▶ Exercise details: From top to bottom, retype the data exactly, passing over any picture.

==============================

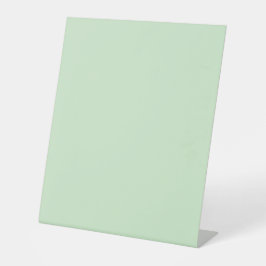 Pastel Pistachio Solid Color | Classic | elegant Sockelschild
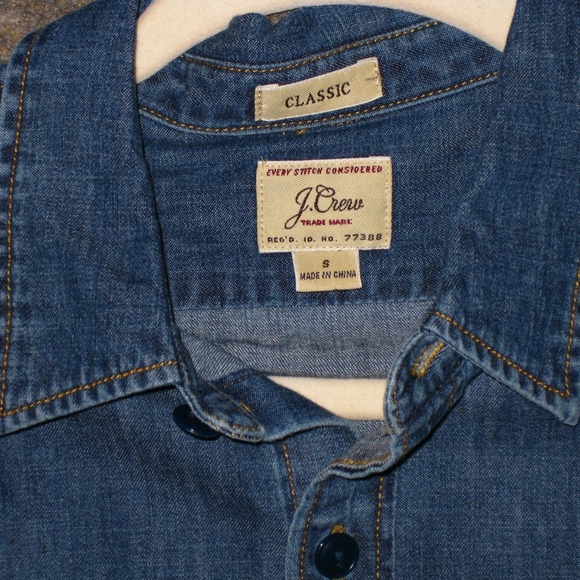 SOLD DARK DENIM J CREW SHIRT SZ S. - Picture 2 of 3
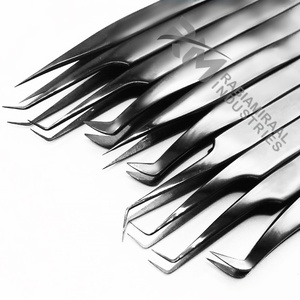 Pince à cils RMI en acier inoxydable noir anti-magnétique, lot de 6 embouts différents à prise lisse pour extensions de cils - Product Image 6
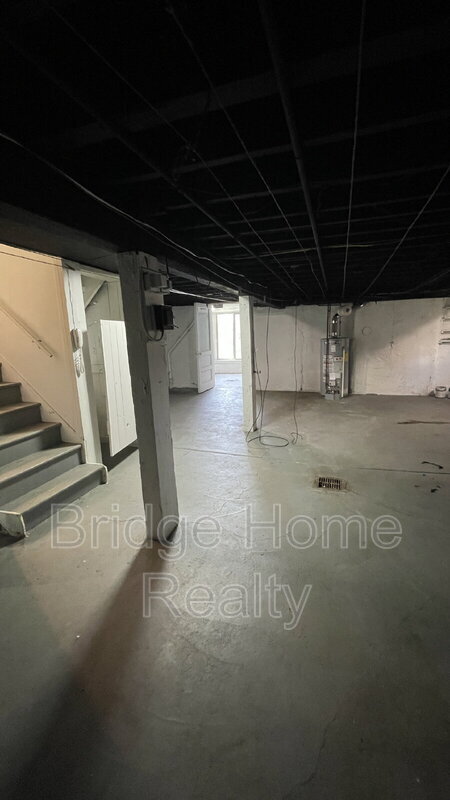 Building Photo - 119 Margaret St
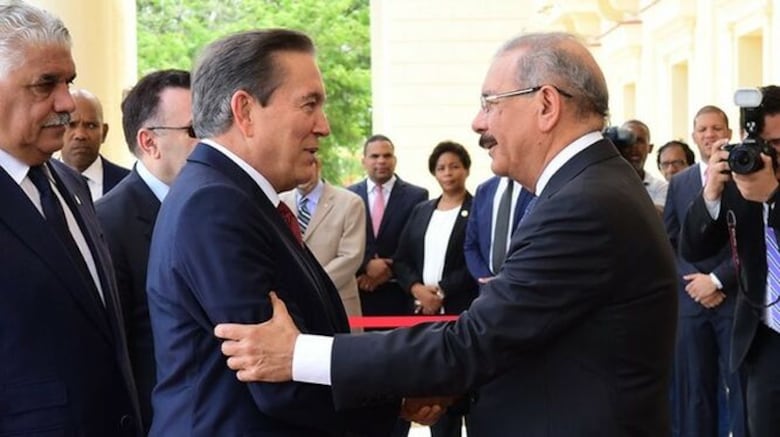 Cortizo viaja a la República Dominicana para conocer programas del gobierno de Danilo Medina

==============================

▶ Answer below:
 Pastel Pistachio Solid Color | Classic | elegant Sockelschild
 SOLD DARK DENIM J CREW SHIRT SZ S. - Picture 2 of 3
 Pince à cils RMI en acier inoxydable noir anti-magnétique, lot de 6 embouts différents à prise lisse pour extensions de cils - Product Image 6
 Building Photo - 119 Margaret St
 Cortizo viaja a la República Dominicana para conocer programas del gobierno de Danilo Medina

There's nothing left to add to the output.